Thanks to the development of new materials, smart windows which can automatically control heat and light passing through them may soon become a reality, shows research.
Researchers at the University of Texas at Austin are one step closer to engineering materials that would allow windows to allow light without transferring heat and, conversely, to block light while allowing heat transmission.
By allowing indoor occupants to more precisely control the energy and sunlight passing through a window, the new materials could significantly reduce costs for heating and cooling buildings.
The scientists have engineered two new advancements in electrochromic materials -- a highly selective cool mode and a warm mode -- not thought possible several years ago.
The cool mode material is a major step toward a commercialised product because it enables control of 90 percent of near infrared light (NIR) and 80 per cent of the visible light from the sun and takes only minutes to switch between modes.
This could help reduce energy costs for cooling buildings and homes during the summer. The researchers reported the new architecture in Nano Letters.
"We believe our new architected nanocomposite could be seen as a model material, establishing the ideal design for a dual-band electrochromic material," said lead researcher professor Delia Milliron.

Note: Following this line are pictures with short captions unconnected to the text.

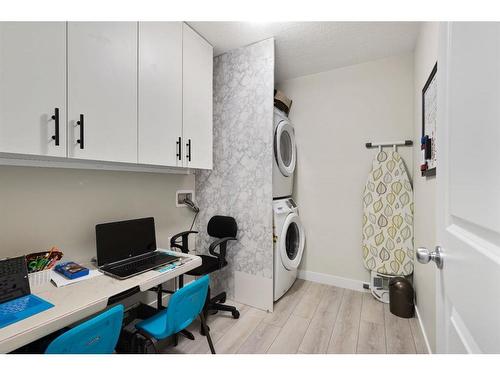 32 Cornerbrook Common Ne, Calgary, AB - Indoor Photo Showing Laundry Room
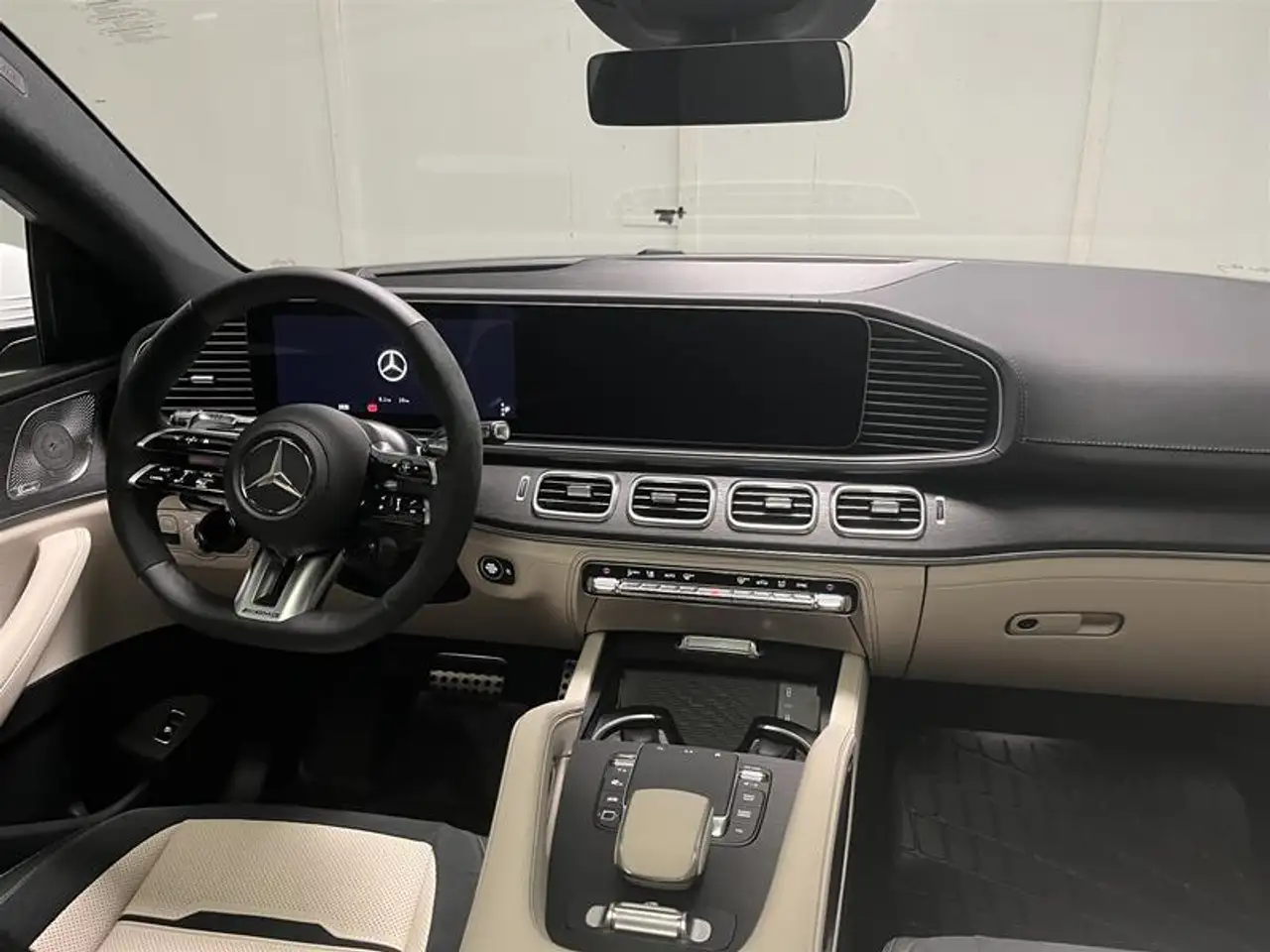 Mercedes-Benz GLE снимка Mercedes-Benz GLE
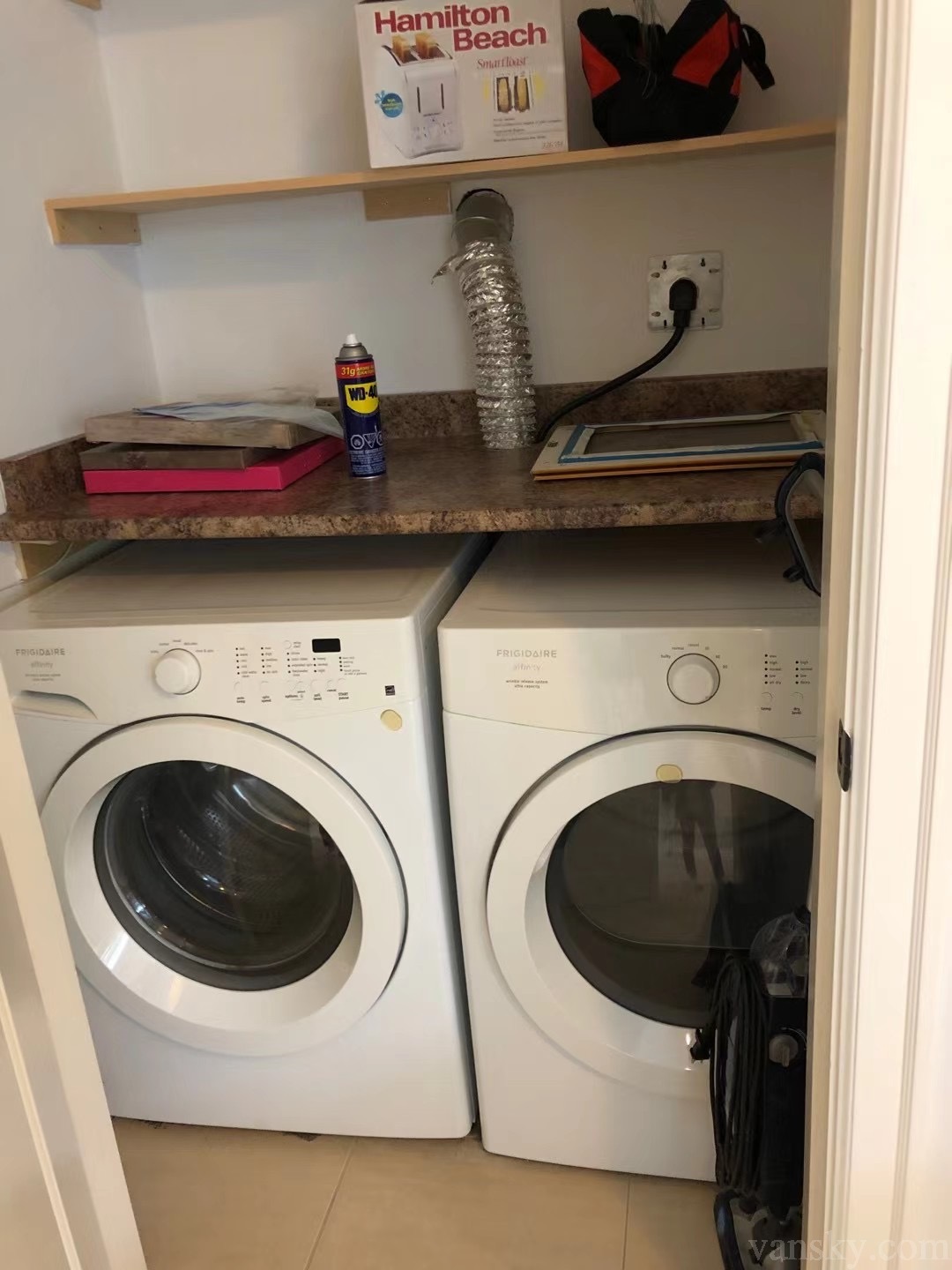 列治文Sea Island靠近outlet,一房一厅一卫一厨，独立洗衣机烘干机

"This material could be ideal for application as a smart electrochromic window for buildings," Milliron added.
In a second research paper, Milliron and her team have reported how they can achieve optical control properties in windows from a single-component film.
The concept includes a simple coating that creates a new warm mode, in which visible light can be blocked, while near-infrared light can enter.
This new setting could be most useful on a sunny winter day, when an occupant would want infrared radiation to pass into a building for warmth, but the glare from sunlight to be reduced.
In this paper, published in the Journal of the American Chemical Society, Milliron proved that a coating containing a single component - doped titania nanocrystals - could demonstrate dynamic control over the transmittance of solar radiation.
Because of two distinct charging mechanisms found at different applied voltages, this material can selectively block visible or infrared radiation.
"These two advancements show that sophisticated dynamic control of sunlight is possible," Milliron said.